# An Application of Hlawka's Inequality

Here's an inequality that Leo Giugiuc found at the AOPS forum and posted with a solution at the CutTheKnotMath facebook page. The elegant solution is by Claudia Nanuti, Diana Trailescu, Dan Sitaru and Leo Giugiuc.
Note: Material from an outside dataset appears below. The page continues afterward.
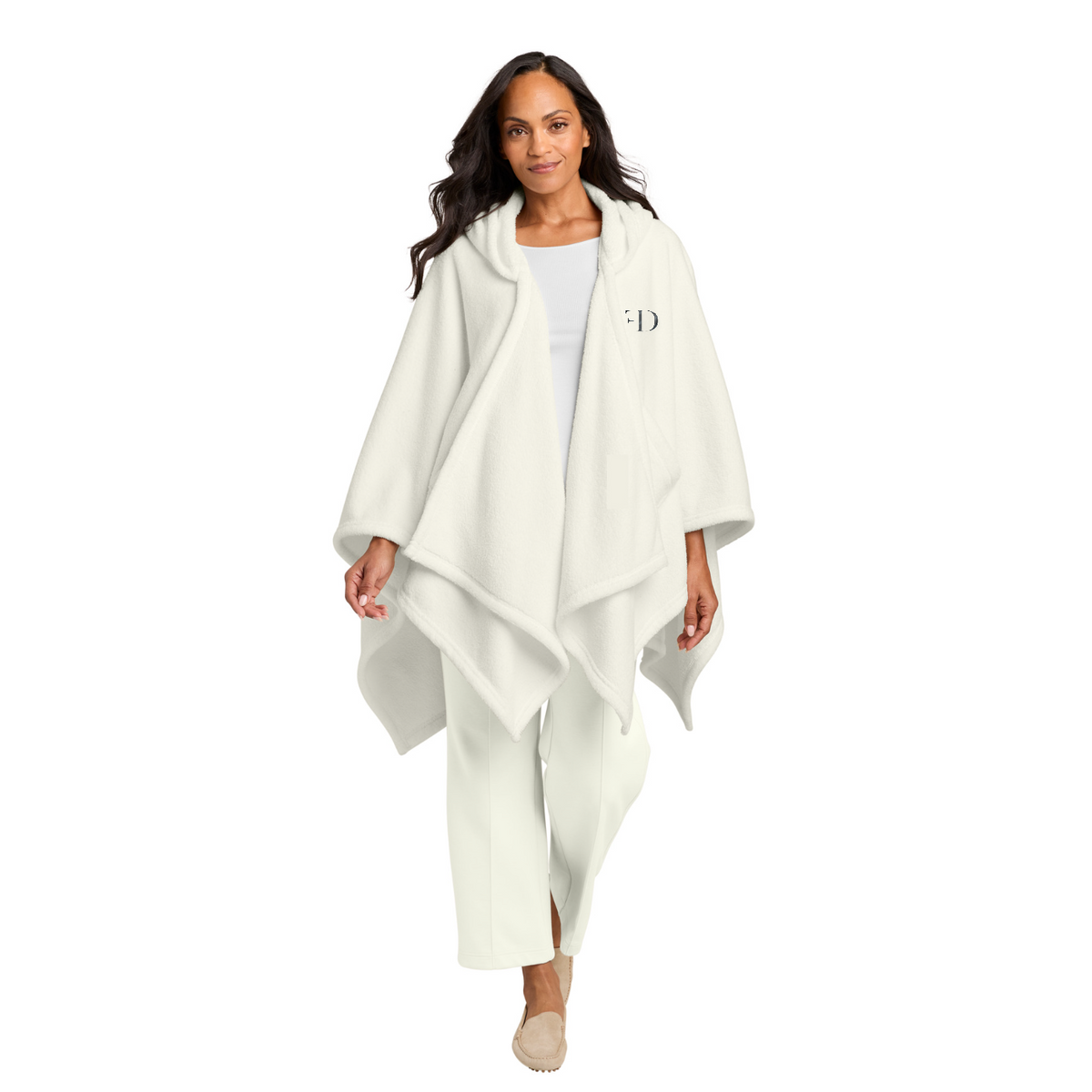 Port Authority Dream Plush Open Hoodie — model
For $a,\;b,\;c\gt 0$ the following inequality holds:

\begin{align} \sqrt{a^2-ab+b^2}&+\sqrt{b^2-bc+c^2}+\sqrt{c^2-ca+a^2}\\ &\le a+b+c+\sqrt{a^2+b^2+c^2-ab-bc-ca}. \end{align}

### Solution

Set $\displaystyle w=-\frac{1}{2}+i\frac{\sqrt{3}}{2},$ which is a rotation by $120^{\circ}$ counterclockwise. Define $x=a,$ $y=bw,$ $z=cw^2.$

First of all $|x|=|a|,$ $|y|=|b|,$ $|z|=|c|.$ Then also, $|x+y|=\sqrt{a^2-ab+b^2},$ $|y+z|=\sqrt{b^2-bc+c^2},$ $|z+x|=\sqrt{c^2-ca+a^2},$ and $|x+y+z|=\sqrt{a^2+b^2+c^2-ab-bc-ca}.$ I'll verify the latter identity:

$\displaystyle x+y+z=\left(a-\frac{1}{2}b-\frac{1}{2}c\right)+i\left(\frac{\sqrt{3}}{2}b-\frac{\sqrt{3}}{2}c\right).$

It follows that

\displaystyle\begin{align} |x+y+z|^2&=\left(a-\frac{1}{2}b-\frac{1}{2}c\right)^2+\frac{3}{4}(b-c)^{2}\\ &=a^2+\frac{1}{4}b^2+\frac{1}{4}c^2-ab-ac+\frac{1}{2}bc+\frac{3}{4}b^2+\frac{3}{4}c^2-\frac{3}{2}bc\\ &=a^2+b^2+c^2-ab-bc-ca, \end{align}

as required. It is now clearly seen that the problem is simply a reformulation of Hlawka's inequality:

$|x+y|+|y+z|+|z+x|\le |x|+|y|+|z|+|x+y+z|,$

true for any three complex numbers $x,\;y,\;z.$